VAR導入の前倒しも検討、Jリーグを「DAZNマネー」が変える!

 7月30日、Jリーグの村井満チェアマンが記者会見を行い、「VAR」こと「ビデオ・アシスタント・レフェリー」の導入を前倒しすることを検討していると明かした。

 VARは18年のワールドカップ・ロシア大会で導入され有名になったシステムで、映像を使って判断を下す副審判員のこと。得点時やレッドカードの提示など、試合の結果を変える可能性のある時に同システムが用いられる。国際大会やヨーロッパの一部リーグではすでに使用されているが、Jリーグは21年から導入を予定していた。

 村井チェアマンによると、20年シーズンの開幕から導入を検討しているという。全カテゴリーで導入するのかなど、細かな点はこれから詰めていく。

「VARを導入するには、FIFAなどが定めるVARの条件を満たしていないといけません。今はそれをクリアするためのトレーニングをしている最中。想定より早く実戦投入できそうなので前倒しになったのでしょう。また、今シーズン、誤審が続いたことも理由の1つです」(スポーツ紙記者)

 5月17日の浦和対湘南戦では、湘南の選手がシュートしたボールが明らかにゴールに入ったのに認められないということがあった。また7月13日の横浜M対浦和の試合では、横浜のゴールが認められた後でオフサイドの判定が下り、その後改めてゴールと判断される事態が起きている。どちらもVARがあれば間違いは防げたはずだ。

「VARを導入するにはお金がかかります。レフェリーのトレーニングだけでなく、カメラやモニターなどの機材も各試合会場に用意しないといけません。出費は痛いものがありますが、JリーグにはDAZNマネーがありますから」(スポーツライター)

 17年、Jリーグは、スポーツ関連の動画コンテンツ配信サービス大手のDAZNと10年2100億円という破格の契約を結び、多額のDAZNマネーを手にしている。VAR導入費用などささいなものだろう。

「VAR導入に関してDAZNの功績はお金だけにとどまりません。DAZNでは節の終了毎に審判のジャッジを検証する『Jリーグジャッジリプレイ』という番組を放送しています。疑惑のシーンを何度も繰り返し見て、その判断が正しかったのか議論する内容です。

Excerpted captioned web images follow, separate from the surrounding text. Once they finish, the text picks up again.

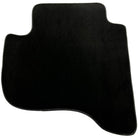 Black Floor Mats For Toyota Land Cruiser 90 (1997-2003) - AutoWin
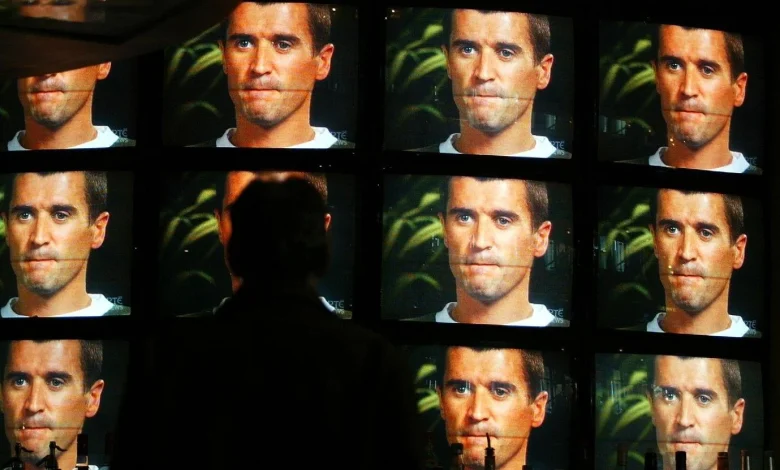 An Ireland apart: How Roy Keane and Mick McCarthy's Saipan fallout went box office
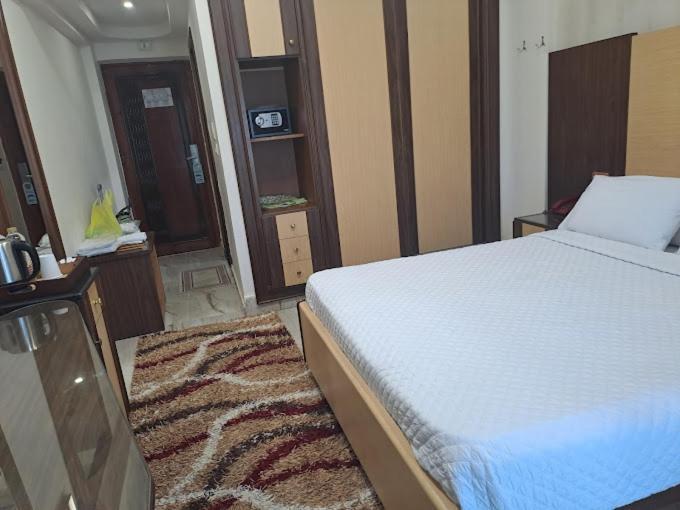 Dolphin Ras El-Bar Hotel Luaran gambar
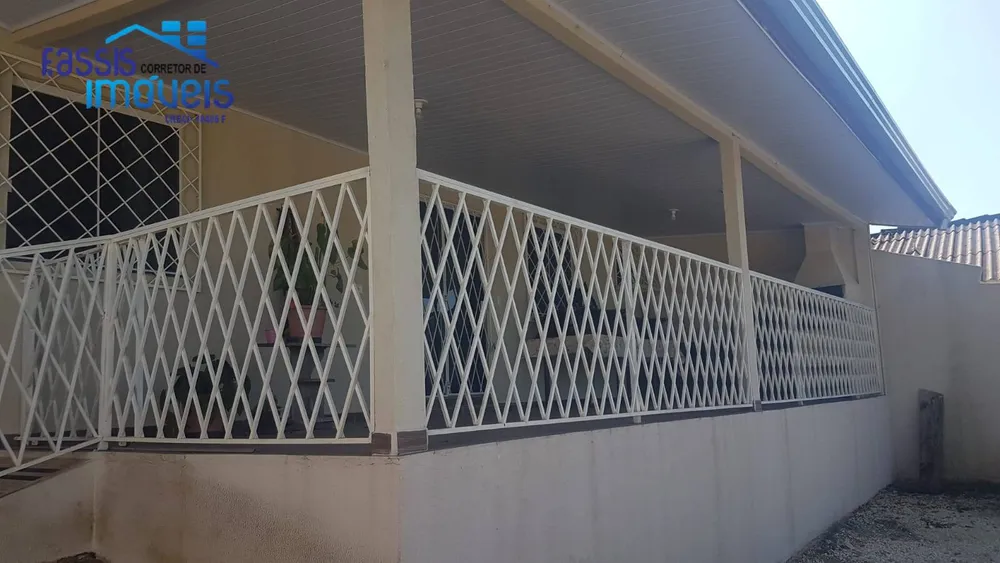 Casa, 3 quartos, 90 m² - Foto 12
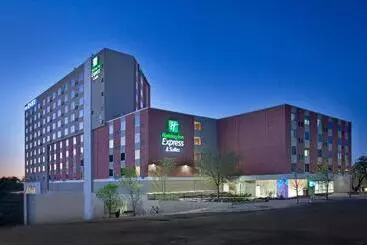 Holiday Inn Express Hotel & Suites Austin Downtown   University, An Ihg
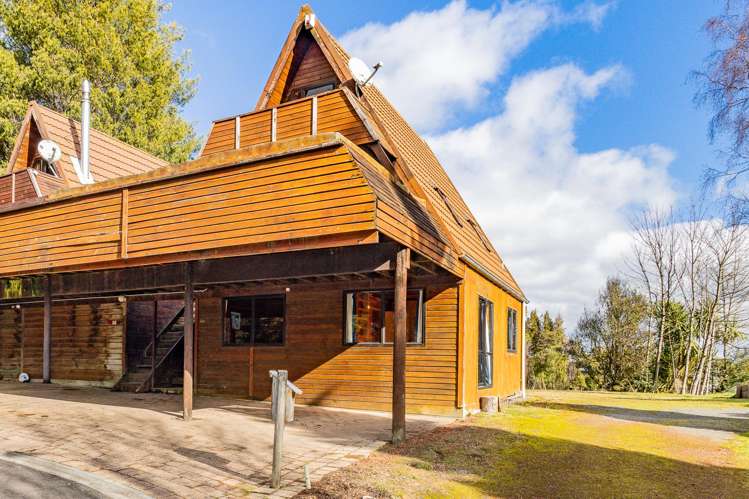 22a Park Avenue Ohakune_34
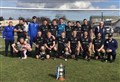 Invergordon win North Caledonian League in their final game of the season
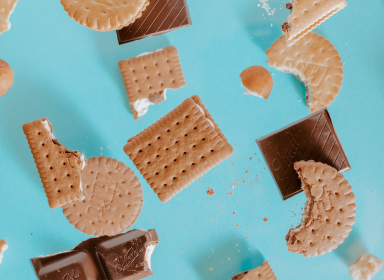 Biscuit People - Biscuits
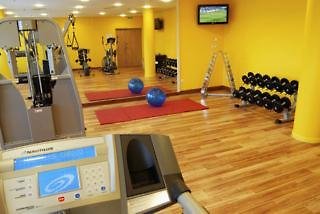 Courtyard by Marriott Toulouse Airport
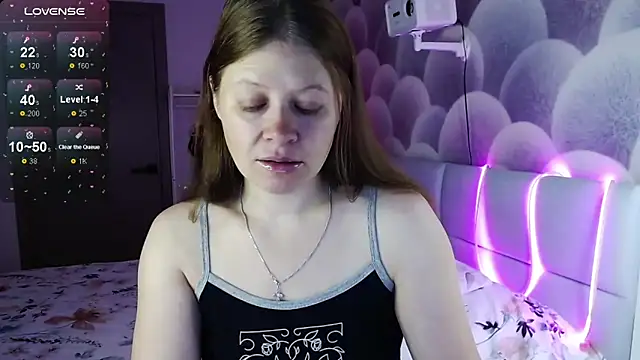 alekasamui online show from 22, 10, 2025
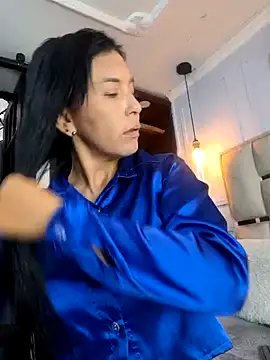 Angel Perv online show from February 13, 2025, 11:17 am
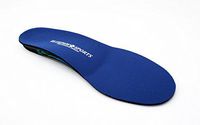 BluePaw Sports Everyday Comfort Insole (Mens) (Men's 10-10.5)
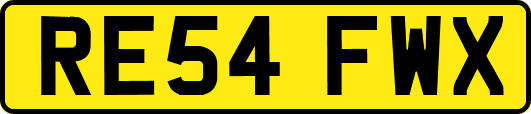 RE54FWX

実はこの手の番組はイタリアなど欧州では当たり前。これがあることで、レフェリーのレベルが上がったとされているんです」(前出・スポーツライター)

 日本でもtotoが始まった01年頃に同様の番組を望む声が上がったが、なかなか実現しなかった。DAZNが始めたことでサポーターの審判に対する要求が高くなり、ひいてはVARの導入につながったとも言える。

 Jリーグに革命をもたらしたDAZN。今後も日本サッカーに大きな影響を与えてくれるはずだ。